With the Supreme Court poised to make rulings in several major cases testing the president’s authority, the nation’s highest court will ultimately decide “in the coming weeks and months” whether President Donald Trump ends his second term as a “king,” or as a “lame-duck president facing obstacles to his reign,” the Intelligencer reported Sunday.
“In a very real sense, the Supreme Court will determine in the coming weeks and months whether a president determined to act outside traditional executive boundaries can or cannot be meaningfully restrained by Congress or the judiciary,” writes Intelligencer columnist Ed Kilgore. “As Christian Farias put it in New York, if the Court acts quickly and decisively in Trump’s favor, it could in just three months effectively make him king.”
Perhaps the most consequential case the Supreme Court will decide on is whether the president holds the authority to impose broad tariffs, a case that challenges Trump’s key policy agenda.

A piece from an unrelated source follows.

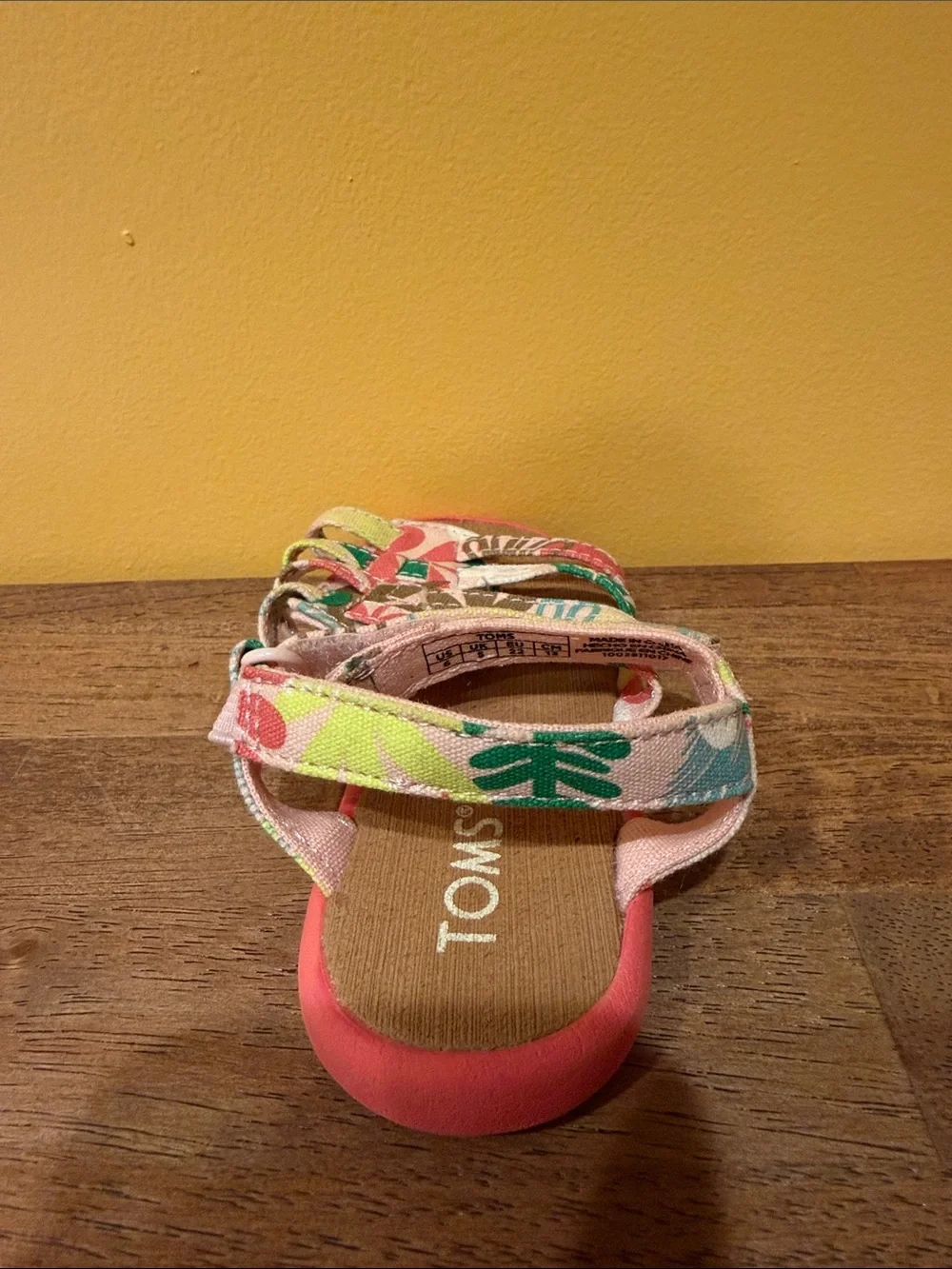 TOMS Toddler Floral Sandals, 6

Trump issued a wave of so-called reciprocal tariffs earlier this year that were immediately challenged by business owners. The Supreme Court first heard arguments in the case earlier this month, and the majority of justices expressed skepticism at Trump’s defense of his tariffs, leading to online betting platforms predicting that the court would ultimately strike down Trump’s signature trade policy.

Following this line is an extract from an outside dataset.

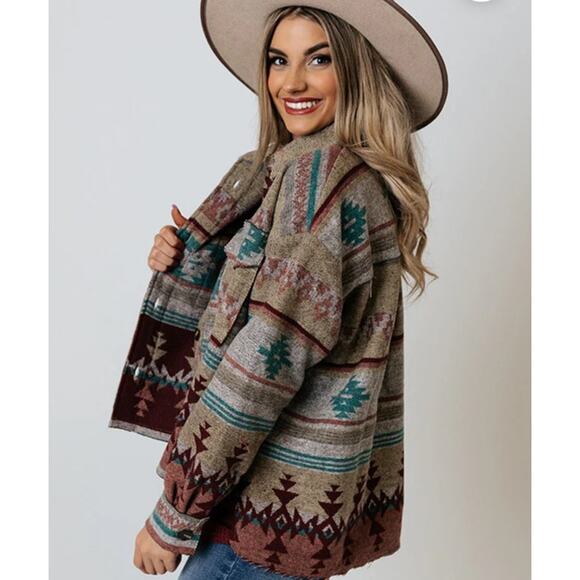 La Miel Southwest Aztec Print Button Front Shacket Size S - Picture 11 of 14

Trump has grown increasingly panicked at the possibility of the Supreme Court ruling against him in the tariff case, warning that the United States “could be reduced to almost Third World status” should the tariffs be ruled unlawful.
Other cases on the Supreme Court’s docket that could decide Trump’s fate include a decision on the president’s authority to deploy the military to U.S. cities, weighing in on the president’s ability to cancel the refugee status for hundreds of thousands of migrants, and deciding on whether the president holds unilateral authority to control executive agencies.
The Supreme Court may also weigh in on Trump’s aggressive redistricting push, a strategy to bolster the GOP’s prospects in the upcoming midterm elections.
“Aside from the scope of Trump’s powers, the Supreme Court will also have a lot to say about their duration by granting or denying him the power to rig the midterms and perpetuate Republican trifecta control of the federal government,” Kilgore wrote.
“That could make the difference between the Trump 2.0 train roaring toward the end of his presidency at full throttle and a chastened lame-duck president facing obstacles to his reign from a Congress partially controlled by the opposition.”